If there's a single unit of sharable resource [such as an event counter,
or a physical CPU], then there's just three main possibilities: either
user 1 gets it all, or user 2 gets it all, or they share it.

We've implemented the essence of these variants, with sharing the resource
being the sane default, and with the sysadmin also having a configuration
vector to reserve the resource to himself permanently. (There could be
more variations of this.)

What is your point?

Ingo

2008-12-15 00:37:42

[permalink] [raw]

Subject: Re: [patch] Performance Counters for Linux, v3

Ingo Molnar writes:

> * stephane eranian <[email protected]> wrote:
>
> > Hi,
> >
> > Given the level of abstractions you are using for the API, and given
> > your argument that the kernel can do the HW resource scheduling better
> > than anybody else.
> >
> > What happens in the following test case:
> >
> > - 2-way system (cpu0, cpu1)
> >
> > - on cpu0, two processes P1, P2, each self-monitoring and counting event E1.
> > Event E1 can only be measured on counter C1.
> >
> > - on cpu1, there is a cpu-wide session, monitoring event E1, thus using C1
> >
> > - the scheduler decides to migrate P1 onto CPU1. You now have a
> > conflict on C1.
> >
> > How is this managed?
>
> If there's a single unit of sharable resource [such as an event counter,
> or a physical CPU], then there's just three main possibilities: either
> user 1 gets it all, or user 2 gets it all, or they share it.
>
> We've implemented the essence of these variants, with sharing the resource
> being the sane default, and with the sysadmin also having a configuration
> vector to reserve the resource to himself permanently. (There could be
> more variations of this.)
>
> What is your point?

Note that Stephane said *counting* event E1.

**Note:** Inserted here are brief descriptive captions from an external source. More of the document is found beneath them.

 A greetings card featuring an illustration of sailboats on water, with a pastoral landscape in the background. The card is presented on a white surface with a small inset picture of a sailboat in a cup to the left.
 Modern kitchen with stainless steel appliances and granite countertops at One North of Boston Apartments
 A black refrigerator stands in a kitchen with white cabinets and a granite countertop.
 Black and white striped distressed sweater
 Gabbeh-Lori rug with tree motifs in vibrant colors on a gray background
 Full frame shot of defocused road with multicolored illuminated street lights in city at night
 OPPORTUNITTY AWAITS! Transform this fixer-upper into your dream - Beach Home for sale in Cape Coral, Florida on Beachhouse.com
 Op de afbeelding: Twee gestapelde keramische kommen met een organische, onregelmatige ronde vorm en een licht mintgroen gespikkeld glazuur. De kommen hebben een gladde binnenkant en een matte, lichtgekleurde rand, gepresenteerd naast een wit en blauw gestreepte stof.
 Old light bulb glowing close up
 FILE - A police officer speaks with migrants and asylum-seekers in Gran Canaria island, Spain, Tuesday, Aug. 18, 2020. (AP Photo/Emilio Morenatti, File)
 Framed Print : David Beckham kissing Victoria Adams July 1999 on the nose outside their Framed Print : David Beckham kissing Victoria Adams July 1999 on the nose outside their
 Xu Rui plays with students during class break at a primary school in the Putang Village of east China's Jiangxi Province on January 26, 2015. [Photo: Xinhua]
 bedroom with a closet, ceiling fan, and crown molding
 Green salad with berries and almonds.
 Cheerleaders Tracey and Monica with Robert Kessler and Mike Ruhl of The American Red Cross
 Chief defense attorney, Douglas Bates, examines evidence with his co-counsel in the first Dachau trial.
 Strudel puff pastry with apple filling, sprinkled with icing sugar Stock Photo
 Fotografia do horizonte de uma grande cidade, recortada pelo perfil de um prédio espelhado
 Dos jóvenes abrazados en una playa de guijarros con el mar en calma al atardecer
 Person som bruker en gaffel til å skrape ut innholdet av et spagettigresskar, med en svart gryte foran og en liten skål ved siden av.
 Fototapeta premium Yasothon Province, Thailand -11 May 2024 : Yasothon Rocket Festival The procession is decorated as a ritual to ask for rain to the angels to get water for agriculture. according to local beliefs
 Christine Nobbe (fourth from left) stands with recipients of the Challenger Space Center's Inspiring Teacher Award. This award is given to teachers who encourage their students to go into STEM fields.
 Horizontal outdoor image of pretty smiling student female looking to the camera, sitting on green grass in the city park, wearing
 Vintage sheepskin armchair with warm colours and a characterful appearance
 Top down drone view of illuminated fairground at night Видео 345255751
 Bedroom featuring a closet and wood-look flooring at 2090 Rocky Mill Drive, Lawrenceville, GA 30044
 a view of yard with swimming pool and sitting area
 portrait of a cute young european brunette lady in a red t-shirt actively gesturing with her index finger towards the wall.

One of the important things about counting (as opposed to sampling) is
that it matters whether or not the event is being counted the whole
time or only part of the time. Thus it puts constraints on counter
scheduling and reporting that don't apply for sampling.

In other words, if I'm counting an event, I want it to be counted all
the time (i.e. whenever the task is executing, for a per-task counter,
or continuously for a per-cpu counter). If that causes conflicts and
the kernel decides not to count the event for part of the time, that
is very much second-best, and I absolutely need to know that that
happened, and also when the kernel started and stopped counting the
event (so I can scale the result to get some idea what the result
would have been if it had been counted the whole time).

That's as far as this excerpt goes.